Defense attorney Jeremy Pratt tried to suppress the roadside blood draw, but a judge allowed the result to be admitted at trial. A Knox County jury convicted Weddle in January 2018 on 15 charges, including two counts of manslaughter and three of aggravated operating under the influence. Weddle already had multiple convictions for operating under the influence, and his license had been suspended or revoked in two other states. A judge sentenced him to 30 years in prison with all but 25 suspended. Pratt appealed, and the Supreme Judicial Court heard the first oral arguments earlier this year.

The justices seemed at odds during the second oral arguments Wednesday at the Capital Judicial Center in Augusta. They lobbed questions at the attorneys for both sides – Pratt and Deputy District Attorney Jeffrey Baroody. In particular, they asked about whether it mattered when the police had probable cause to believe Weddle had been drinking, and if that determination could be made after the blood test.

Maine’s law allows for the test results to be admitted at trial even if that probable cause is determined after the blood draw. In this case, court records show medical personnel on the scene later reported smelling alcohol on Weddle’s breath, and a bottle of Crown Royal liquor was found in the truck cab days later.

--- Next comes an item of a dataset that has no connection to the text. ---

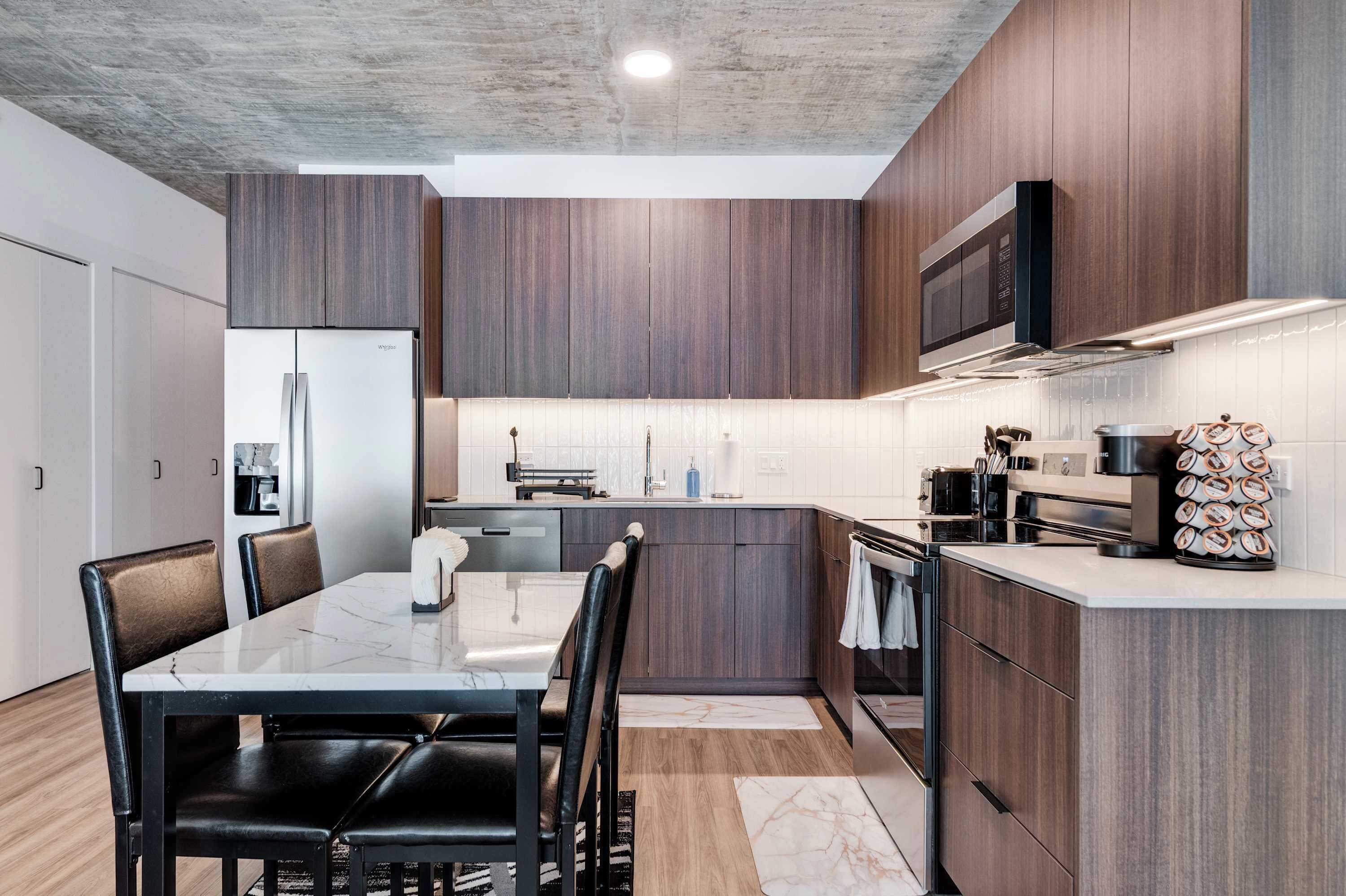 A modern kitchen with dark wood cabinets, a built-in microwave, and a stainless steel range hood.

“If the officers had focused on finding probable cause as opposed to saving people’s lives, they would have had it, correct?” Justice Donald Alexander asked the defense attorney.

Justice Ellen Gorman spoke before Pratt could respond.

“But Mr. Pratt, you would agree that probable cause needs to be determined by the officer, so that the officer understands that he has the right to invade someone’s privacy?” she asked.

“Yes, I would agree with that, and I would answer Justice Alexander by saying that there is not probable cause if the officers have not determined probable cause,” Pratt said.

Chief Justice Leigh Saufley asked the prosecutor about the broader implications of a ruling upholding the current statute. She outlined a hypothetical case in which police conduct a blanket search of people’s computers until they find a photo of a child being abused.

Baroody started to answer but was interrupted by Alexander.

“Now that is not the same as saving people who are on the ground bleeding, putting out fires in vehicles,” he said.

“That’s right, your honor,” Baroody said. “This applies to fatal or probable fatal crashes that are very limited situations.”

Saufley said the court upheld this law once before for that reason.

“But tough cases can make bad law,” she said. “Are we not at risk of essentially eroding one of the most important constitutional protections that stands between citizens and state overrunning those citizens?”

“I don’t think so, your honor,” Baroody answered.

Pratt also said the state has cited no other case law to support this statute, and Baroody conceded he was not aware of any.

It is not clear whether Maine’s exact law is on the books elsewhere, but Bam said other states are grappling with their own rules for mandatory testing in drunken-driving cases.

“I do think it is an open question,” he said.

The court also received two amicus briefs on the case, and both argued that the existing law is unconstitutional. One came from Portland defense attorney Lawrence Winger. The other was submitted jointly by the American Civil Liberties Union of Maine and the Maine Association of Criminal Defense Lawyers.

“Retroactive application of probable cause disregards the very purpose of the probable cause requirement – to understand what the officer knew or reasonably believed at the time of the search or seizure,” those two organizations wrote in their brief. “Allowing officers to bootstrap later-learned facts to create probable cause – as in (this statute) – impermissibly turns the probable cause inquiry on its head.”

There is no timetable for the justices to issue an opinion. They could wait for a ruling in a pending case at the U.S. Supreme Court about whether an unconscious person can consent to a blood draw. That appeal originated in Wisconsin, and oral arguments took place in Washington, D.C., in April.